Step 2: The Resource Check (Because Azure Lies About Availability)
ACI will tell you resources are available in a region, then fail to provision them. Check what you're actually asking for:
## See what you requested
az container show --resource-group mygroup --name mycontainer --query \"containers[0].resources.requests\"
## See what you actually got (if anything)
az container show --resource-group mygroup --name mycontainer --query \"containers[0].resources.limits\"
If you requested 4 vCPUs and got nothing, try 2 vCPUs. If you requested 8GB RAM and got nothing, try 4GB. ACI availability is unpredictable, especially in smaller regions.

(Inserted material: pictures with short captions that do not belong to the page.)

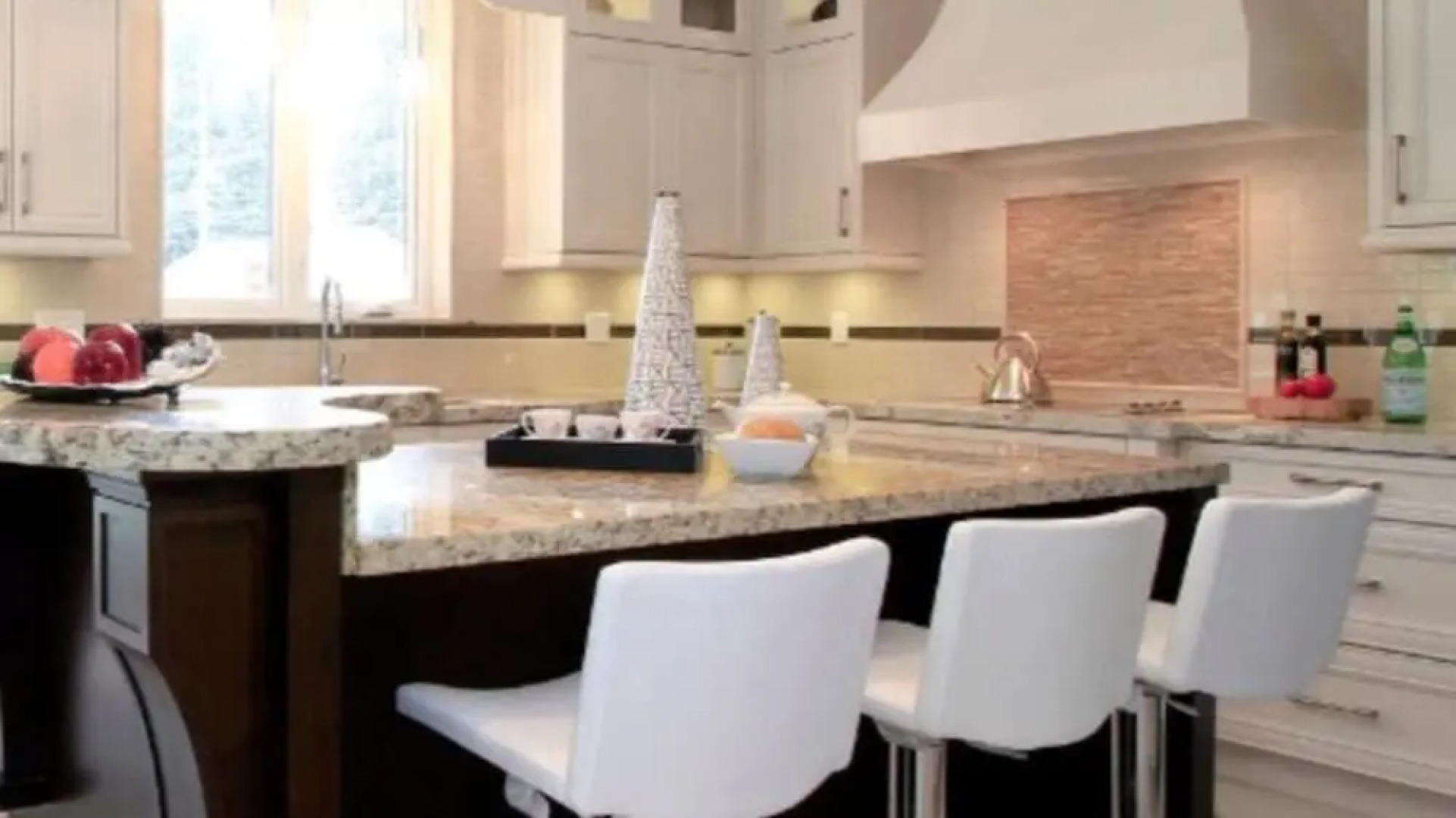 Brand New House With Garden View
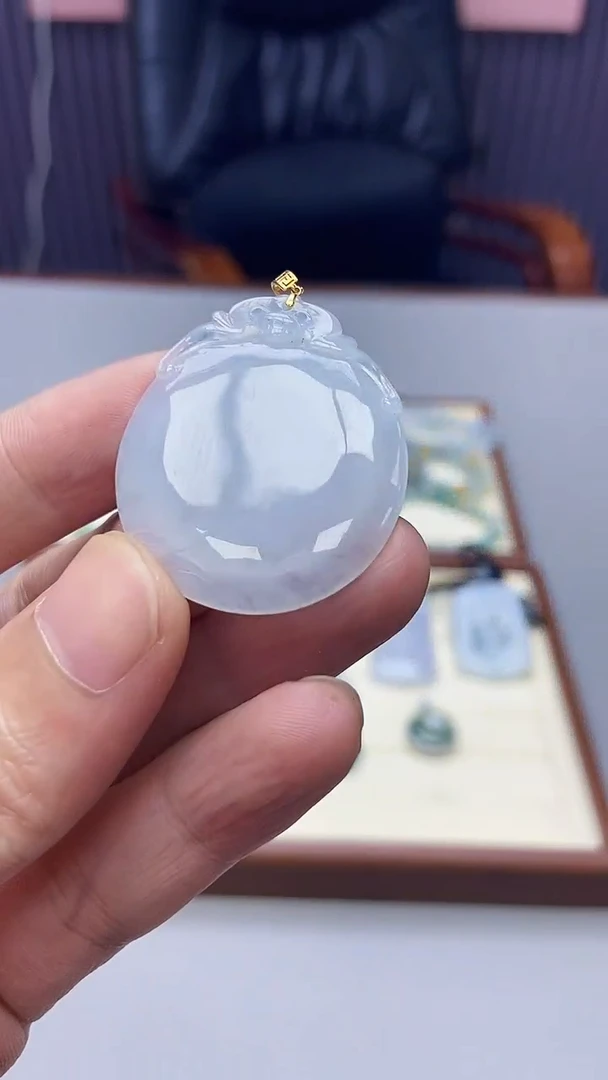 翡翠未镶嵌颈饰吊坠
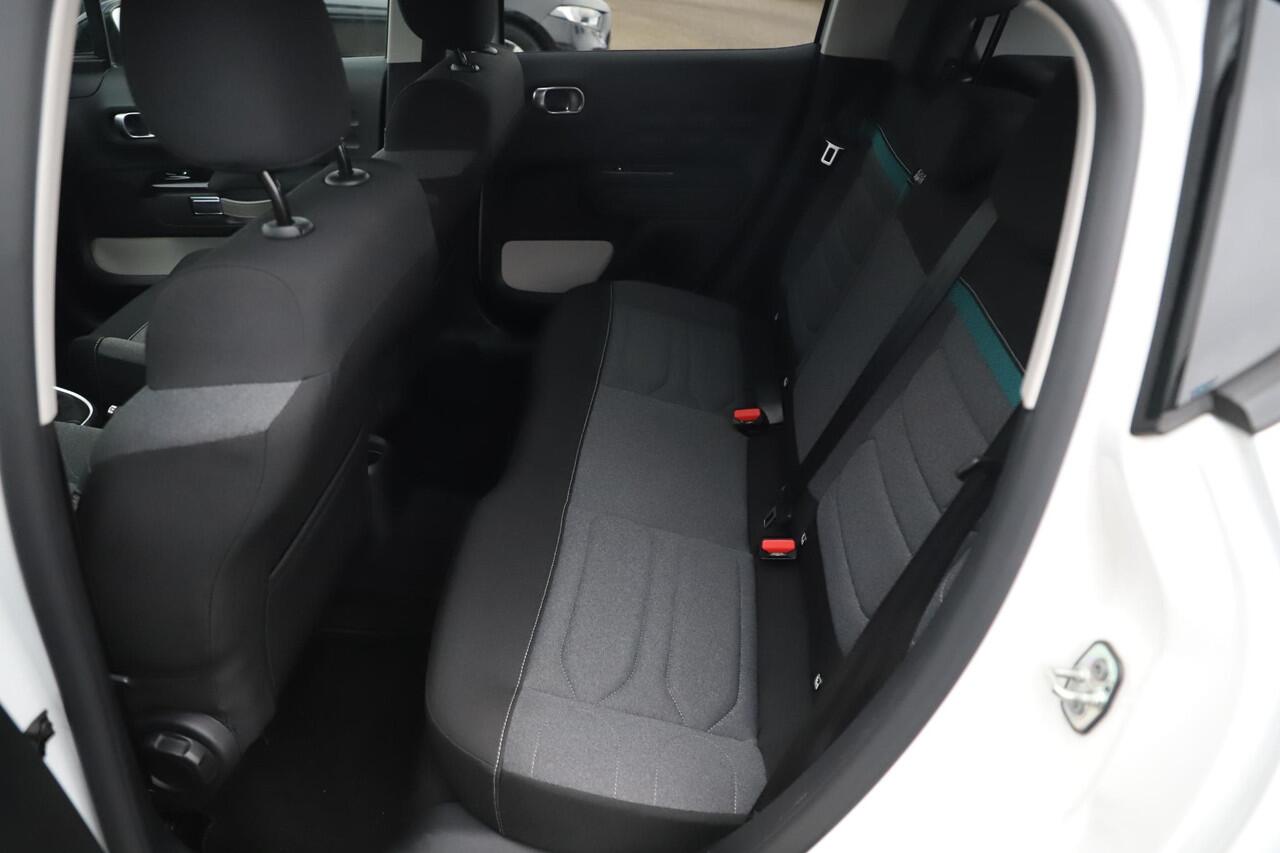 Citroen C3 1.2 PureTech Shine Navigatie Achteruitrijcamera 17 inch LMV Carplay Android Climate Cruise Control Rijstrooksensor Parkeersensor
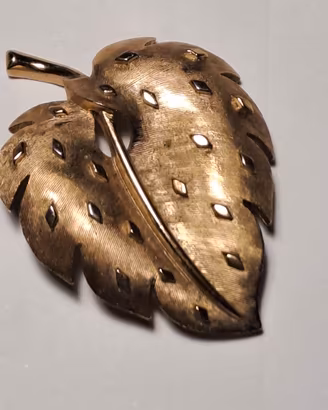 SPILLA TRIFARI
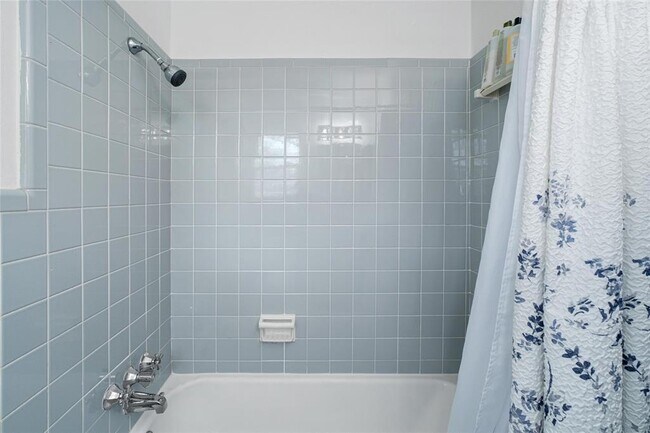 Building Photo - 1809 Forestglade Dr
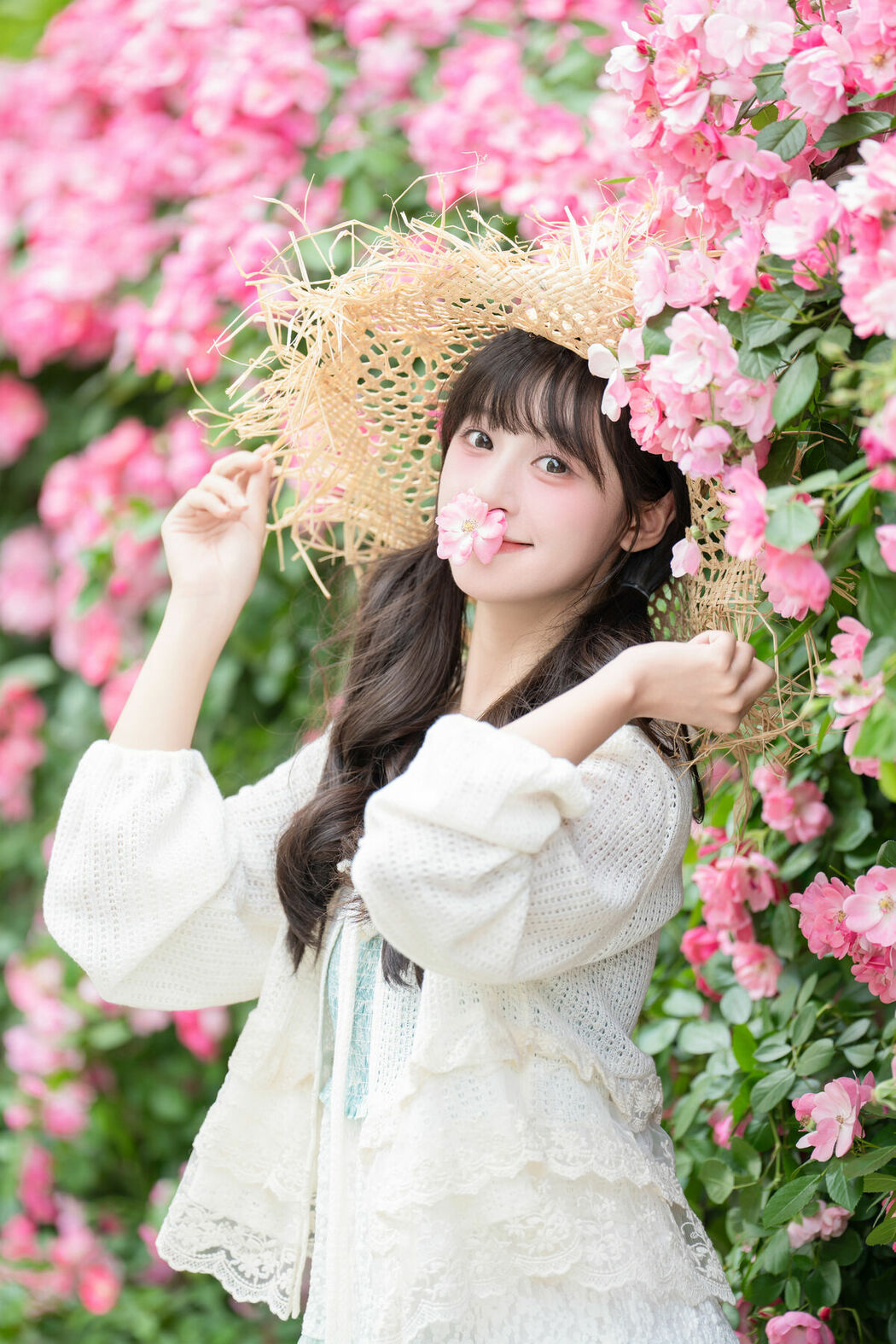 YiTuYu艺图语 Vol.9047 Xia Yu Xiao Nian (36P)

Regional reality check: Some Azure regions just don't have capacity for larger container instances. If you're stuck, try these regions that usually have availability:
- East US 2
- West Europe
- Southeast Asia
Step 3: The Image Pull Investigation
Image pull failures are the most common production issue because there are 15 different ways they can break:
Registry connectivity test:
az acr login --name myregistry
docker pull myregistry.azurecr.io/myapp:latest
If this fails, your image doesn't exist or your credentials are wrong. If it works, ACI is having registry authentication issues.
Registry authentication debugging:
## Check ACR credentials
az acr credential show --name myregistry
## Check managed identity assignment
az container show --resource-group mygroup --name mycontainer --query \"identity\"
The nuclear option: If nothing else works, copy your image to Docker Hub temporarily. It's not secure for production, but it'll get your service back up while you fix ACR authentication:
docker tag myregistry.azurecr.io/myapp:latest mydockerhubuser/myapp:emergency
docker push mydockerhubuser/myapp:emergency
Step 4: Container Startup Debugging
If your container pulls successfully but crashes immediately, you need to debug the startup process:
Method 1: Override the entrypoint
az container create --resource-group mygroup --name debug-myapp \
--image myregistry.azurecr.io/myapp:latest \
--command-line \"tail -f /dev/null\"
This keeps the container running so you can exec in and debug manually.
Method 2: Check environment variables
az container exec --resource-group mygroup --container-name debug-myapp --exec-command \"env\"
Your app might be looking for environment variables that aren't set. Production containers often have different ENV requirements than development.
Method 3: Run your app manually
az container exec --resource-group mygroup --container-name debug-myapp --exec-command \"/bin/bash\"
## Then inside the container
/path/to/your/app
This will show you the actual error your app throws, which is usually more helpful than ACI's generic error messages.
Step 5: The Memory and CPU Reality Check
ACI enforces resource limits strictly. If your app works fine in development but crashes in ACI, you're probably hitting resource limits:
Memory debugging:
az container exec --resource-group mygroup --container-name mycontainer --exec-command \"free -h\"
## Check what processes are using memory
az container exec --resource-group mygroup --container-name mycontainer --exec-command \"ps aux --sort=-%mem\"
The 25% rule: Always request 25% more CPU and memory than your app needs. ACI doesn't handle resource contention gracefully - it just kills containers that exceed limits.
CPU performance gotcha: Fractional vCPUs (0.5, 1.5) perform poorly when Azure is busy. If your app is CPU-intensive, use whole vCPU numbers (1, 2, 4).
This methodology has saved me countless hours of frustration. Skip the Microsoft docs flowcharts and go straight to what actually identifies the problem.